Only gradually does it become clear that the italicized passages contain the "real story": someone named John is writing these short stories in order to make sense of the loss of his lover, someone named Martin, to AIDS. The short stories we read emerge as one sustained cry of deflected grief, of pain mediated through fiction. From these stories, a sketchy narrative arises: John's violent childhood in Kansas, his adolescence spent as a hustler in New York, the meeting with Martin--and the final move back to Kansas, where Martin dies and where John begins to write.

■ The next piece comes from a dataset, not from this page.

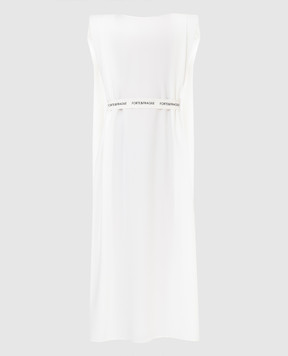 Forte&Fragile Белое платье с драпировкой и вырезом на спине 21D01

In the hands of a less skillful writer, this complicated premise might have come off as writing-seminar pretense. But Peck has the talent and energy to flesh out his idea beautifully. Martin and John displays a keen eye for details and striking imagery: a drunken mother ensconced in a dark room "looked like an ice cube in rum;" on the open prairie "the sky gap(es) like an open mouth." Peck's language renders, "My face felt swollen and shapeless, like a moldy orange, as though grief had been shoved into my mouth like a handful of seeds, but I didn't know what to do, whether to spit, or just swallow."
These insights sustain even the weaker sections of the book; some of the New York stories aren't as well thought out as others. But Peck usually displays a full command of the different tones he employs. The short story format allows him to try on narrative voices that range from the biting to the lyrical, and he achieves effects that recall such very different writers as Raymond Carver and Willa Cather.
As the book progresses and the narrative gains coherence, the purposes of Peck's structure becomes clearer. The stories express grief by talking around painful, precise facts; it's easier to imagine the way things might have been than to remember exactly the way they were. Is Beatrice John's mother who dies after a miscarriage, as the narrator of "Blue Wet Paint Columns" tells us, or is she his lonely step-mother, as we read in "The Search for Water"? Is Martin a runaway boy who shows up at John's Kansas house one day, or a grade school teacher in New York? An obscenely rich club-hopper or a Midwestern night watchman who barely can scrape together enough for rent?
These biographical facts metter less than the truths of character they allow Peck to express. While the characters' occupations and social positions fluctuate, certain gestures and objects of intimacy reverberate through all the stories a hand ruffling hair, a rose in a lapel, a certain turn of phrase. The final effect is like looking at multiple exposures of a photograph, or into a glorious colored kaleidescope. Although Martin and John never tells us the exact details of these characters' lives, it gives a finely observed portrait of the way those lives feel.
While Peck suggests that stories which mourn death can also sustain life, what makes this novel truly heartbreaking is his understanding of the limits of stories--the stubborn persistence of real life. Peck possess the double ability to spin beautiful fictions and then expose their falsity. As John watches the emaciated Martin die. Peck offers a delicate, gruesome image: "The way his shoulders shook and the way his bones poked at his wet skin made me think of old rice-paper lanterns shaking in the wind, starting to melt in the rain."
But then, Peck dismantles this pretty image, exposing the unpretty reality it describes and dignifies: "When his body folded over at the waist...and his face smacked the tub's bottom, I didn't think it was like a rice-paper lantern being closed. I thought it was like the body of a six foot-two-inch man who weighed eighty pounds and who'd had all the shit and blood and water and air sucked out of him folding over in death."
This intrusion of a messy, brutal reality into the realm of art lends this book its stunning force. To use the words of one character, the story "floats...off the page, defying the cramped letters that frame it, spilling out into life." Few 25-year-olds demonstrate Peck's intimacy with the painful facts of death and loss, and fewer can write about them with this much grace and power. Martin and John gives evidence of a prodigious, promising talent.